Wednesday, July 28, 2010

Khmer Rouge, Suicidal Depression, PTSD and Other Cheery Subjects

Of this week's spate of releases, the clear winner is Enemies of the People, Thet Sambath and Rob Lemkin's extraordinary and extraordinarily personal excavation of the brutal legacy of the Khmer Rouge. Other new films dealing with mental illness (Helen) and the after-effects of war (The Dry Land) seem shallow and obvious by comparison.

The Dry Land (Slant)
Who Killed Nancy? (Slant)
Enemies of the People (Village Voice)
Helen (Village Voice)
Smash His Camera (Time Out New York)

Thursday, July 22, 2010

Tirador and Countdown to Zero

Just two reviews this week, the belated release of Filipino director Brillante Mendoza's 2007 film Tirador which is worth a look and Lucy Walker's fear-mongering nuclear exposé Countdown to Zero which isn't.

Tirador (Village Voice)
Countdown to Zero (Slant)

Wednesday, July 14, 2010

Odds and Ends

Lots of new links to get to and not all negative. For New York viewers, there's the chance to catch up with festival faves Alamar and Henri-Georges Clouzot's Inferno which each get a theatrical run this week and, while the results may not be revelatory, both are very much worth seeing. As is Racing Dreams, a sort of Hoop Dreams for the NASCAR set.

The Contenders (Slant)
Two Films by Yasujiro Ozu (DVD) (Slant)
Henri-Georges Clouzot's Inferno (The L Magazine)
Racing Dreams (The Village Voice)
To Age or Not to Age (The Village Voice)

Saturday, July 3, 2010

South of the Border

Bias is a tricky concept when it comes to political reporting. It’s what the right always seems to accuse left-leaning (or even mainstream) channels of being dictated by. But surely every news broadcast is colored by some political ideology or adherence. Whether it’s the deliberate distortions (or outright lies) of networks like Fox News or the free pass center-left organs seem to give our desperate-for-consensus president, there’s no such thing as purely objective reportage.

Questions of bias and inaccuracy have long dogged such leftist filmmakers as Oliver Stone and Michael Moore and, while one can easily question the conspiracy theories unleashed by the former in films like JFK, it’s less easy to dismiss the slanted reportage of the latter. Yes, Moore engages in a selective arrangement of facts – as well as a gut-punching rhetoric that often seems like he isn’t playing fair – but no more than his counterparts on the right, and unlike them his presentation gets much nearer to the truth in its active engagement with progressive change that will benefit rather than harm the average citizen.

All of which is why I can’t agree with my colleague and good friend Keith Uhlich who considers Stone’s new work of Moore-style infotainment, a docu-profile of left-leaning South American presidents, “near worthless as reportage” in his Time Out New York review.
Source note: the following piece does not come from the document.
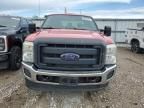 2015 Ford F350 Super Duty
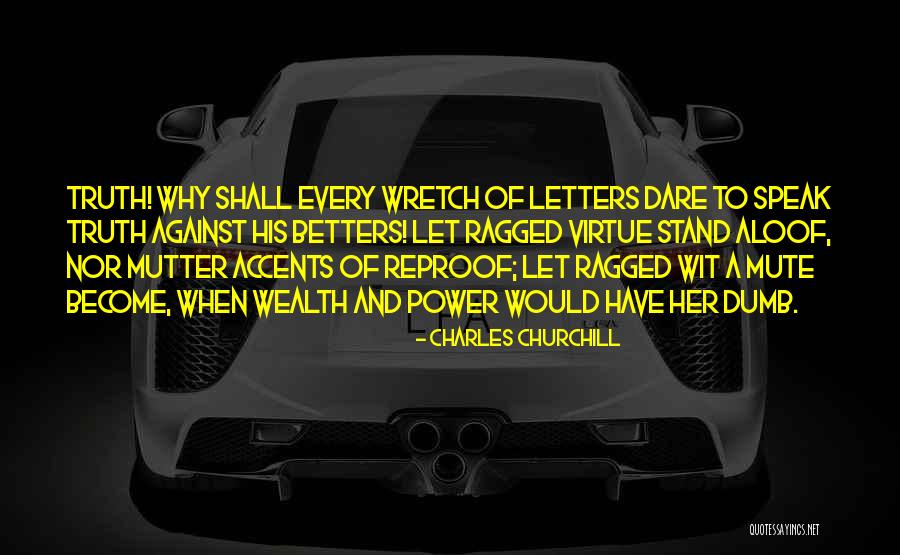 Artist The Weeknd Quotes By Charles Churchill Artist The Weeknd Quotes By Charles Churchill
South of the Border may be “as distorted and evasive as the Fox News footage it so often demonizes,” as Uhlich notes – though not quite: nothing’s as distorted as footage Stone includes of Fox News reporters calling democratically-elected presidents “dictators” when the real dictators are the ones that the United States installed in place of democratically-elected Latin American presidents throughout the twentieth century – but with a key difference. While the extreme right’s take demonizes these leaders for their understandable anti-American bias, Stone, despite his omissions and obvious untempered enthusiasm for each of his subjects, emphasizes the most important fact about the state of South American politics: that after a century of being in thrall to the interests of North American and European corporations who pilfered the countries’ most valuable resources while leaving the people in states of extreme poverty or subject to torture, they’re finally being run by nationalist-minded presidents who are turning the nation’s assets to the benefit of the people.

Any other concerns pale in comparison and while the viewer may surely want to follow up with some additional reading for a more rounded picture, Stone’s film succeeds in contrasting the reports of the American right-wing media with something that approaches a more essential, even if only partial, truth. Once the viewer accepts these conditions, it’s easy to enjoy watching Stone schmooze with best-bud Hugo Chavez as he talks over the failed (American-sanctioned) coup attempt on his presidency or chew cocoa leaves with Bolivian leader Evo Morales. Or at least it would be if the unctuous director didn’t insist on putting himself at the center of every scene. As presented by Stone, the presidents are a varied and sympathetic gallery of personalities, from the fiery Chavez to Paraguay’s soft-spoken leader (and ex-bishop) Fernando Lugo; it’s only the filmmaker himself whose presence grates. Asking leading questions and insisting on his privileged position with his subjects, Stone’s as unbearable a presence as ever. For the rest, his film’s an engaging and, yes, informative look at a new trend in global politics that anyone who takes the word “democracy” to mean something other than American hegemony ought not to dismiss as quickly as the shit-spinners from the so-called "fair and balanced" media.